**WHAT THE EXERCISE ASKS:**
Single out the lines of the material that contain "from" and copy them.

───── MATERIAL FOR THIS EXERCISE

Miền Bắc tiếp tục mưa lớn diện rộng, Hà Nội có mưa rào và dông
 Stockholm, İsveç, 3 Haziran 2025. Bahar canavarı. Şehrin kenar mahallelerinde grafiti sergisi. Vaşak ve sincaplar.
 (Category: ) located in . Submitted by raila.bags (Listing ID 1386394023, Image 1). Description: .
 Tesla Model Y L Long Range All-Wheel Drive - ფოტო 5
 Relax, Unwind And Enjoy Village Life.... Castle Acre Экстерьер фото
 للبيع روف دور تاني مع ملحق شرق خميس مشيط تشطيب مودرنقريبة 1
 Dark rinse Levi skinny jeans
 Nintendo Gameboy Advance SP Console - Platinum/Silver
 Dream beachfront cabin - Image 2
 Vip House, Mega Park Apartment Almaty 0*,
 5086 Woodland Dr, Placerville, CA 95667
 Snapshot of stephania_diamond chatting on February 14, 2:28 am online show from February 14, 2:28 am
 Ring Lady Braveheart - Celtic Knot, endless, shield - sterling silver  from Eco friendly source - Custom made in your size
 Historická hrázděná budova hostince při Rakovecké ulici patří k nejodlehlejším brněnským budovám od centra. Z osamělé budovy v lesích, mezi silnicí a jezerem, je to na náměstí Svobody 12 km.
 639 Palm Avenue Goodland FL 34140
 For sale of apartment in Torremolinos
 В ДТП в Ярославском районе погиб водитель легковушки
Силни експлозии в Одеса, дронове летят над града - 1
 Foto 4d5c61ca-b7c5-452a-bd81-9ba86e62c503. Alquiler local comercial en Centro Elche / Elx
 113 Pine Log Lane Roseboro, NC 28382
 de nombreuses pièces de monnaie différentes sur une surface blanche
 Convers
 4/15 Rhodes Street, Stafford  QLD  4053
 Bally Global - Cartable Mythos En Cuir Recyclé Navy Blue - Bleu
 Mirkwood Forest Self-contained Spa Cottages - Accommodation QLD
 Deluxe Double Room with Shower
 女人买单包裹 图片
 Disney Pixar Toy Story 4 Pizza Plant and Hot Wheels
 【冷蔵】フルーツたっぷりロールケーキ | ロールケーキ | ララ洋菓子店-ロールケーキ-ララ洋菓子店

──────────

**SOLUTION BELOW:**
 Snapshot of stephania_diamond chatting on February 14, 2:28 am online show from February 14, 2:28 am
 Ring Lady Braveheart - Celtic Knot, endless, shield - sterling silver  from Eco friendly source - Custom made in your size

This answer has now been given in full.